Efficient Private SCO for Heavy-Tailed Data via Averaged Clipping
Chenhan Jin, Kaiwen Zhou, Bo Han, James Cheng, Tieyong Zeng
TL;DR
This work tackles differential private stochastic convex optimization under heavy-tailed data by introducing a one-time gradient clipping scheme, AClip, and a private mean estimator that augments clipping with Gaussian noise. The proposed method, AClipped-dpSGD, achieves high-probability excess-risk bounds for both constrained and unconstrained convex problems, and extends to strongly convex and Hölder-continuous/non-smooth objectives, all while reducing gradient complexity compared to DP-SGD/DP-GD. The authors provide principled tuning guidelines for clipping and batch size, and validate the theory with extensive experiments on synthetic and real datasets, including CIFAR-10 with ResNet-18. The results demonstrate faster running times and improved privacy-utility trade-offs for heavy-tailed data, making the approach practical for large-scale private learning tasks.
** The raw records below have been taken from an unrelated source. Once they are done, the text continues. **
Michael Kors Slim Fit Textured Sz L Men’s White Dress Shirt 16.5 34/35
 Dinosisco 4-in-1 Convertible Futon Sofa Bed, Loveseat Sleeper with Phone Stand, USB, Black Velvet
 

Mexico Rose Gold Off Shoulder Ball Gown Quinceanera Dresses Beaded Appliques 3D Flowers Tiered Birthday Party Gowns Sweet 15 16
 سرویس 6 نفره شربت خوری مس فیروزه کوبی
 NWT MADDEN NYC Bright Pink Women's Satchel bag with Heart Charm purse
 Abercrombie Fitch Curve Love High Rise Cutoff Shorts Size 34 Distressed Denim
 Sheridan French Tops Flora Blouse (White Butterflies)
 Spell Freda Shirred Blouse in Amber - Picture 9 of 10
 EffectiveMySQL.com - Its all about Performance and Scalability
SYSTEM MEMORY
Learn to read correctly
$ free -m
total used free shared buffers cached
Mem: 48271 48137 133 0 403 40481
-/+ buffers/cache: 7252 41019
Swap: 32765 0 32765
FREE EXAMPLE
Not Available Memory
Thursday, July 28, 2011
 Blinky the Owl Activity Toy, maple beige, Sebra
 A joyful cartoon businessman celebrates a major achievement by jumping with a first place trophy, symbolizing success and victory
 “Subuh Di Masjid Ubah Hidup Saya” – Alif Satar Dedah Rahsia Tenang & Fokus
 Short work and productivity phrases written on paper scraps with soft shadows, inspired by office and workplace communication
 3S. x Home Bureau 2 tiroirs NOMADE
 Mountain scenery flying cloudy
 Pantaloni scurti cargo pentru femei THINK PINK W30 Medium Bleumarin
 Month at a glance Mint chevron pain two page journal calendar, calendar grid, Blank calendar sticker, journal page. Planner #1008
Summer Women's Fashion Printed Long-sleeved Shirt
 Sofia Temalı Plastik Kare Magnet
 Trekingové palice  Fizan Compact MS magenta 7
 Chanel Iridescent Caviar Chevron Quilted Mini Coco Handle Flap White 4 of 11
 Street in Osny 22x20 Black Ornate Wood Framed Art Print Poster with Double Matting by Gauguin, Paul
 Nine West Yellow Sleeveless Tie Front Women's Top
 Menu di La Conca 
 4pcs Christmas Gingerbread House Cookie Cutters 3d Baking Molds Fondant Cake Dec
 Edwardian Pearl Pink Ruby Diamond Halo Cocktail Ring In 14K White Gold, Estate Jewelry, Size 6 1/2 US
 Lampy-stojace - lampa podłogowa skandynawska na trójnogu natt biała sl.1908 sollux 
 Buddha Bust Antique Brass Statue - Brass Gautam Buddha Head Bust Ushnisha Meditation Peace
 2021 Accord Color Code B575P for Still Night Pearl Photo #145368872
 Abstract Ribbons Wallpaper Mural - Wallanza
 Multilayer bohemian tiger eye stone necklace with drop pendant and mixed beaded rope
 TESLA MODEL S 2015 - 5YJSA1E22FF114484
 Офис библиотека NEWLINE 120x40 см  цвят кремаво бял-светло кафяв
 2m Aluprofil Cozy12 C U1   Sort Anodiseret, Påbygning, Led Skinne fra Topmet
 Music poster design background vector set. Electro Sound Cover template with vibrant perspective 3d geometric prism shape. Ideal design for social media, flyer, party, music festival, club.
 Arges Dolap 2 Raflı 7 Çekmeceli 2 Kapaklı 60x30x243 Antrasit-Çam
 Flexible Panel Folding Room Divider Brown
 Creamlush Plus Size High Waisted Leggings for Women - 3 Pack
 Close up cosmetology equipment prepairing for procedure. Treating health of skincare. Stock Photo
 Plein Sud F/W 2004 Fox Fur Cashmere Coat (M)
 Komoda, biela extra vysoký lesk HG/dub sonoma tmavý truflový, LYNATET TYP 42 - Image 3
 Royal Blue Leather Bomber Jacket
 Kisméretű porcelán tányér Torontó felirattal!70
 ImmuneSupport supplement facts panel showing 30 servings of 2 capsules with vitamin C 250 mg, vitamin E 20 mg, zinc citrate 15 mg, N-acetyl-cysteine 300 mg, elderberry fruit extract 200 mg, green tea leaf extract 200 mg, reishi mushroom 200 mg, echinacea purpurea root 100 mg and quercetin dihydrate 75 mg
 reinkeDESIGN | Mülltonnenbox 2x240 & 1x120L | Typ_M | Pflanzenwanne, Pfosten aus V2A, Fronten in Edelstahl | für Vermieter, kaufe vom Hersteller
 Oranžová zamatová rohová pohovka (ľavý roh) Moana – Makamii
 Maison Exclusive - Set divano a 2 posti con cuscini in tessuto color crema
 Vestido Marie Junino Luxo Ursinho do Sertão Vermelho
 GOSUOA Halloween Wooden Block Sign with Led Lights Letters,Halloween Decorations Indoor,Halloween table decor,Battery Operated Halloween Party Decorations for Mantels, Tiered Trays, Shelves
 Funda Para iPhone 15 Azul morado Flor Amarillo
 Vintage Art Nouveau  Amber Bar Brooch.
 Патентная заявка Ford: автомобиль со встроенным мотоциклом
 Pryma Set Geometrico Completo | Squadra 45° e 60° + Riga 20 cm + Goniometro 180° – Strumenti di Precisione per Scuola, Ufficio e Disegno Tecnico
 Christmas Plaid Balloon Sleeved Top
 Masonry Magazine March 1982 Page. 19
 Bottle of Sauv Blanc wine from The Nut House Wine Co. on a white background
Overall, the paper offers a new perspective on clipping strategies in private optimization and delivers concrete, high-probability guarantees across several important problem classes.
Abstract
We consider stochastic convex optimization for heavy-tailed data with the guarantee of being differentially private (DP). Most prior works on differentially private stochastic convex optimization for heavy-tailed data are either restricted to gradient descent (GD) or performed multi-times clipping on stochastic gradient descent (SGD), which is inefficient for large-scale problems. In this paper, we consider a one-time clipping strategy and provide principled analyses of its bias and private mean estimation. We establish new convergence results and improved complexity bounds for the proposed algorithm called AClipped-dpSGD for constrained and unconstrained convex problems. We also extend our convergent analysis to the strongly convex case and non-smooth case (which works for generalized smooth objectives with H$\ddot{\text{o}}$lder-continuous gradients). All the above results are guaranteed with a high probability for heavy-tailed data. Numerical experiments are conducted to justify the theoretical improvement.